The 76th United Nations General Assembly

Blog by Linda Witong, SI Special Advisor to Advocacy.

In September 2021, world leaders and ambassadors came together, to attend the 76th session of the United Nations General Assembly in New York. They engaged in high-level meetings which focused on a parade of major crises facing the world including COVID-19, climate change and conflict. The result was a mix of bold declarations and calls for unity and condemnation.
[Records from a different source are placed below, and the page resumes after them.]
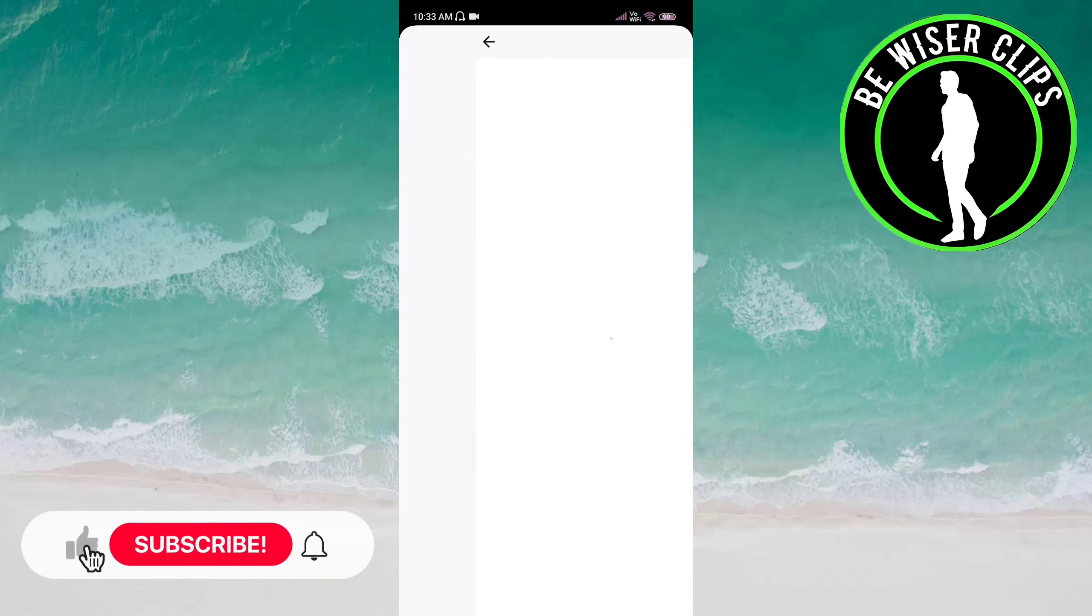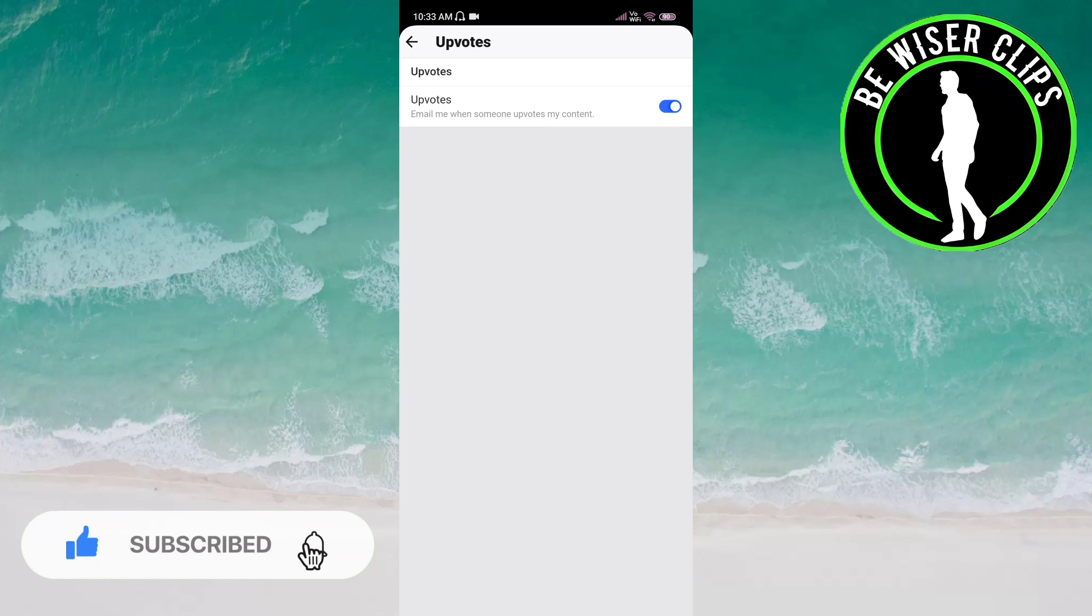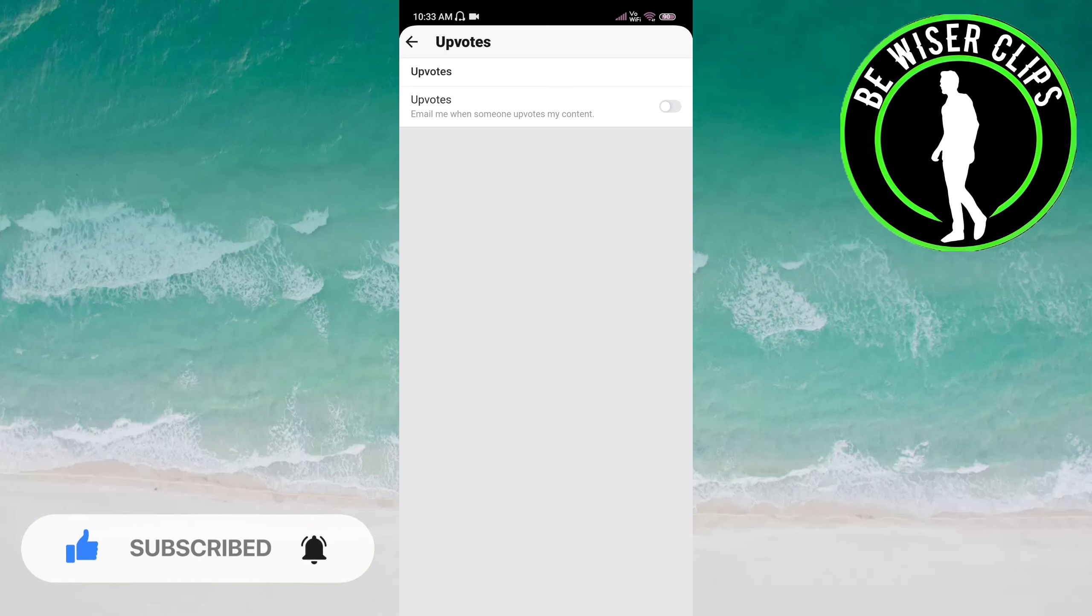You can see Upvotes is already activated here, but once you click on the button, it becomes deactivated. This means you will not receive email notifications when someone upvotes your content.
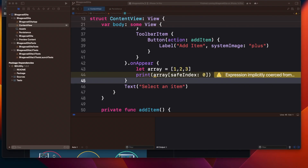Hey friends, welcome to today's video. Today we are going to discuss logging in our app that we are going to build. Logging is one of the important things that we should use from the very beginning when you are developing the application. It helps in multiple ways — for example, when you are debugging something and you want to see the output or value of any object, or what the response you're getting from the server.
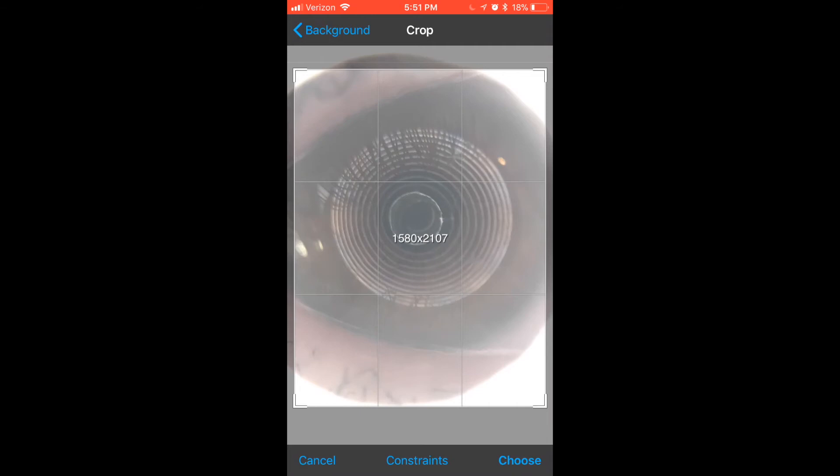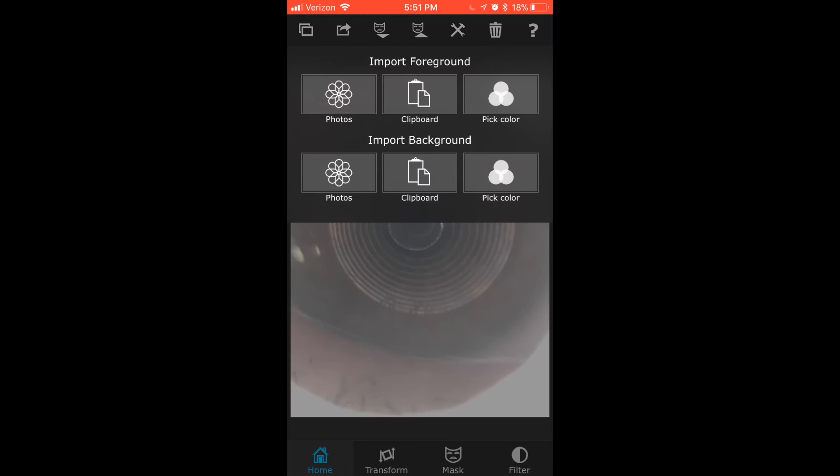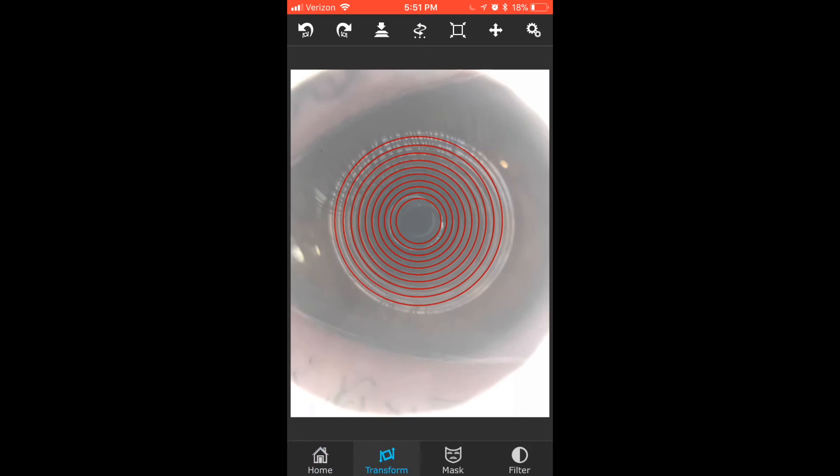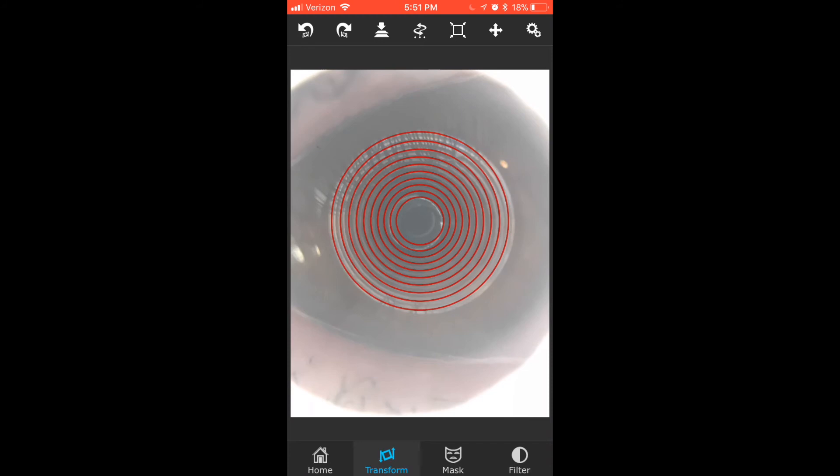So I crop down my image. From there, I'm going to go to the two boxes again. I'm going to go to Import Foreground, press Photos, and click on my red rings, which were emailed to you. Then I'm going to go to Transform, so I can move around these red rings. I'm going to line them up with the original white rings, and then from there, I will have my finished image.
Gender inequality continued to be a focus of concern. The President of the General Assembly, Abdulla Shahid, observed that, of 194 speakers, only 18 were women proving that more must be done to balance the scales. UN Secretary-General António Guterres agreed, observing that the world had to wake up “like never before” as core values including gender equality were in “the crosshairs.”  Guterres added that while “women’s rights” were ‘human rights”, the pandemic had “exposed and amplified the power imbalance” between men and women; “continuing the world’s most enduring injustice.” Guterres added that bridging the “gender divide” was “not only a matter of justice” for women and girls. It was also “a game-changer for humanity.”

According to Guterres, as women’s equality was essentially a “question of power,” we had to “urgently transform our male-dominated world” and “shift the balance of power” in order to “solve the most challenging problems of our age”. This transformation would enable more women to be  “leaders in government and business” and guarantee “women’s full representation everywhere”. “Bold steps” including implementing quotas and benchmarks for gender parity while “at the same time pushing “back against regressive laws” that institutionalised “gender discrimination” were needed. Guterres added that economic recovery plans had to focus on women, including through “large-scale investments” in the care economy. He also urged states to create an emergency plan to “fight gender-based violence in every country.”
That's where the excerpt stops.